ÇOK ÖNEMLİ SAKLAMA İPUÇLARI

Bazı besinlerin dondurulduğunda gevrekliğini kaybettiğini lisana getiren Ebru Akdağ, “Bunun nedeni buzluğumuzda yavaşça donan besinlerde oluşan buz kristallerinin hücre zarını yırtmasıdır ve bu esnada az da olsa besin kaybı meydana gelir. Bu daha çok yapraklı sebzeler, mantarlar ve yumuşak meyvelerde görülür lakin bir besin güvenliği sorunu yaratmaz” dedi.

Marketlerde satılan dondurulmuş besinlerdeki besin pahasının korunmasının teknolojiyle ilgili olduğunu söyleyen Akdağ, “Marketlerde satılan dondurulmuş yiyeceklerde besin güvenliği problemine rastlanmamasının nedeni teknolojinin hoşluğudur. Besinler -40°C’de dakikalar içerisinde dondurulurken büyük buz kristalleri oluşmaz ve hücre zarına ziyan verilmez. Böylece yapısı da besin kıymeti de korunur” diye konuştu.

Ebru Akdağ, saklama ile ilgili ipuçlarını ise şu hususlarla özetledi:

– Dondurucuyu -18°C yahut altında tutun ve buzluğunuzun göstergesi yoksa termometre ile denetim edin.

– Besinleri müdafaaya yardımcı olmak için kapalı dondurucu poşetleri ve plastik kaplar üzere uygun ambalajları kullanın.

– Dondurulmuş besinleri yanlışsız çözdürün (önceki gece buzdolabına indirerek, buzlu suda ya da mikrodalgada).

– Dışarıda bırakarak çözdürmeyin. Çözülmüş besinleri tekrar dondurmayın.

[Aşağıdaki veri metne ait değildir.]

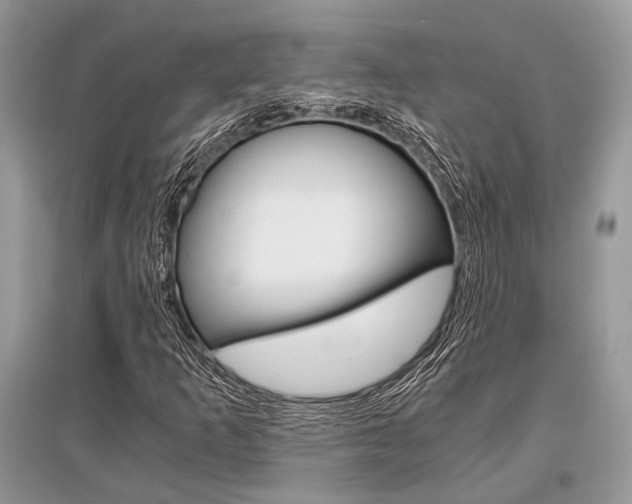 X0000096381253200801240955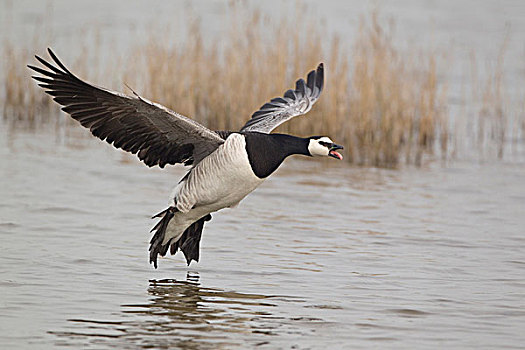 白额黑雁,成年,叫,飞行,上方,水,自然保护区,英格兰,英国,欧洲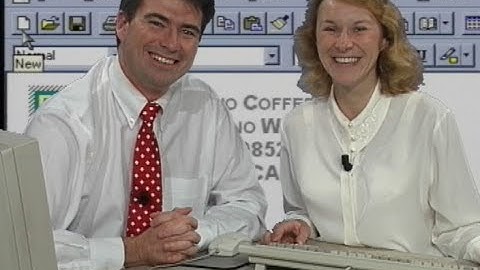 SOFTVISION - How To Use Microsoft Windows 3.1 Part 2 Flashback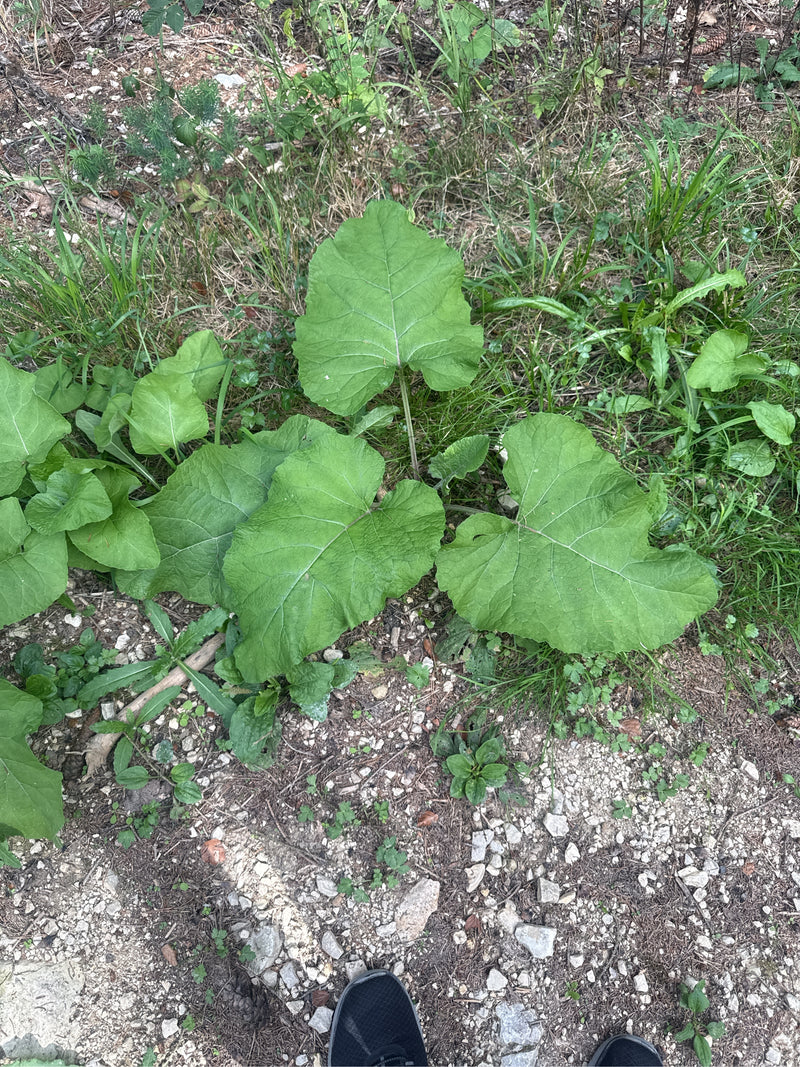 L'image montre une jeune grande bardane avec ses feuilles caractéristiquement grandes et en forme de cœur. La plante pousse directement au bord d'un chemin p...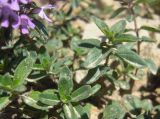 Thymus pseudopulegioides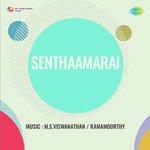 Senthamarai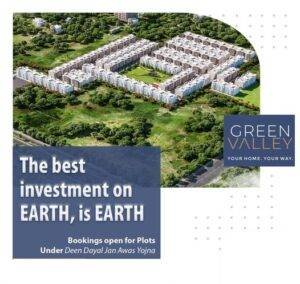 Lion Green Valley image 4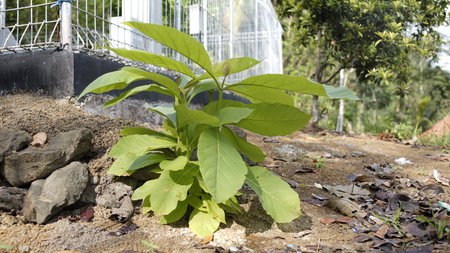 new teak trees grow green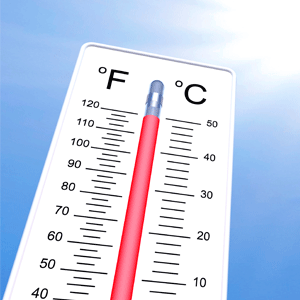 Dünya Meteoroloji Örgütü: Türkiye sıcak hava dalgası nedeniyle sıkıntı yaşayacak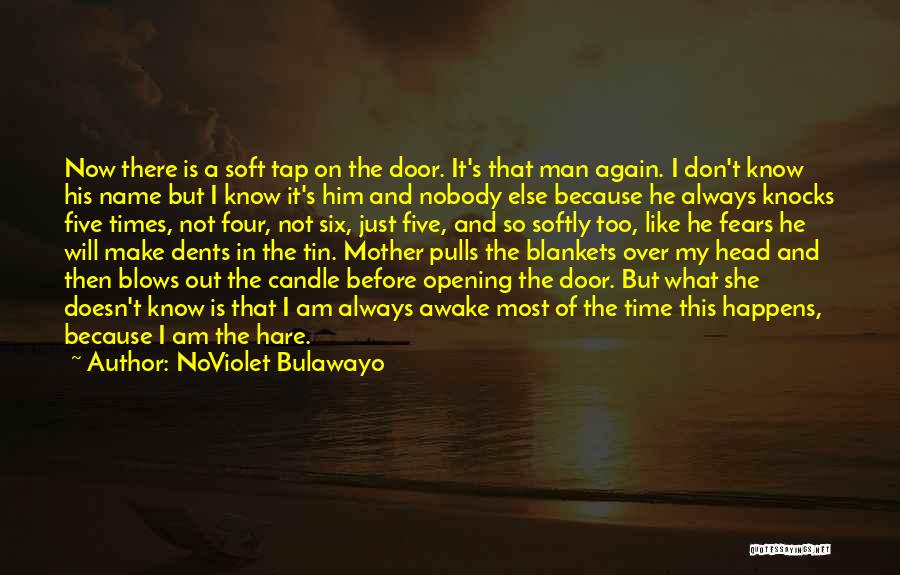 NoViolet Bulawayo Quotes 590027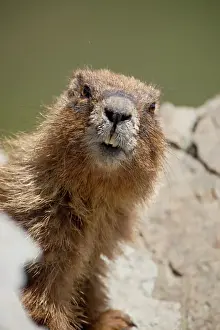 Colorado Prints: Yellowbelly marmot (Marmota flaviventris) near Cinnamon Pass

– Çiğ et 4-12 ay, pişmiş et 2-3 ay, çiğ kümes hayvanları 9-12 ay, pişmiş kümes hayvanları 4 ay, balık 2-4 ay, işlenmiş et 1-2 ay, süt 1 aya kadar, rendelenmiş peynir 4 aya kadar, sebzeler 1 yıla kadar, meyveler 6 aya kadar, kek ve unlu mamuller 6-8 ay, ekmek 3 aya kadar, kalmış yemekler 2-4 ay, tereyağı 3 aya kadar saklanabilir.

REKLAM ALANI
BU KONUYU SOSYAL MEDYA HESAPLARINDA PAYLAŞ
ZİYARETÇİ YORUMLARI

Henüz yorum yapılmamış. İlk yorumu aşağıdaki form aracılığıyla siz yapabilirsiniz.